• **Activity**:
In the entries below, find the line containing "Property photo for". Write out that line and all lines after it, exactly, and nothing else.

####################

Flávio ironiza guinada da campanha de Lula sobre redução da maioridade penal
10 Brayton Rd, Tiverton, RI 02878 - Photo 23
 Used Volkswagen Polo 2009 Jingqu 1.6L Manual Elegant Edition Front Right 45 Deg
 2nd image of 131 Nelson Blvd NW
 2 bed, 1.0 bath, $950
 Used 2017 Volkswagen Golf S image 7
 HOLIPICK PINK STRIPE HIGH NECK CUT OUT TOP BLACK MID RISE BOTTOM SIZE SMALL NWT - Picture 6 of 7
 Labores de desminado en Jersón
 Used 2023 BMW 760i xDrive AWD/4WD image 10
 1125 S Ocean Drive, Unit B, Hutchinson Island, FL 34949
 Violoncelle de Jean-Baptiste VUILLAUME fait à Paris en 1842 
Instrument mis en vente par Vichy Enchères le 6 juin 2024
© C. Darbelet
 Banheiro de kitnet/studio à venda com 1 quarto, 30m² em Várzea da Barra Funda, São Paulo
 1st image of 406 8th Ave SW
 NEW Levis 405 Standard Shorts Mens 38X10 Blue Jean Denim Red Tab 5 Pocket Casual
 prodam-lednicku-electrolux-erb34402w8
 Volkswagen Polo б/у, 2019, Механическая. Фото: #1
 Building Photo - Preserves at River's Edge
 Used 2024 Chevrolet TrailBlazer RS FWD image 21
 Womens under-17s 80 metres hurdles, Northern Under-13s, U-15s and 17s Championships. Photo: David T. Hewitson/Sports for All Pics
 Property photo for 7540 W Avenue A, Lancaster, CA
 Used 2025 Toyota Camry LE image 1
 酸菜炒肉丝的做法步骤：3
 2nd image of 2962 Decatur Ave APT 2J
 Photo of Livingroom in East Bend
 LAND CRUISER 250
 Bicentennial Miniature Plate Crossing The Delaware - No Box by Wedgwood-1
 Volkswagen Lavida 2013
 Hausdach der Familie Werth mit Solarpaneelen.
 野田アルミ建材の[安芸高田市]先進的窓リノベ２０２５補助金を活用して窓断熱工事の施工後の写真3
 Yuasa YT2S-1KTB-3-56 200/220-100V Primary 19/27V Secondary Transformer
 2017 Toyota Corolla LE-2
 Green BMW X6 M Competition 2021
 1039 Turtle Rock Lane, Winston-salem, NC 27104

####################

• **Answer space**:
 Property photo for 7540 W Avenue A, Lancaster, CA
 Used 2025 Toyota Camry LE image 1
 酸菜炒肉丝的做法步骤：3
 2nd image of 2962 Decatur Ave APT 2J
 Photo of Livingroom in East Bend
 LAND CRUISER 250
 Bicentennial Miniature Plate Crossing The Delaware - No Box by Wedgwood-1
 Volkswagen Lavida 2013
 Hausdach der Familie Werth mit Solarpaneelen.
 野田アルミ建材の[安芸高田市]先進的窓リノベ２０２５補助金を活用して窓断熱工事の施工後の写真3
 Yuasa YT2S-1KTB-3-56 200/220-100V Primary 19/27V Secondary Transformer
 2017 Toyota Corolla LE-2
 Green BMW X6 M Competition 2021
 1039 Turtle Rock Lane, Winston-salem, NC 27104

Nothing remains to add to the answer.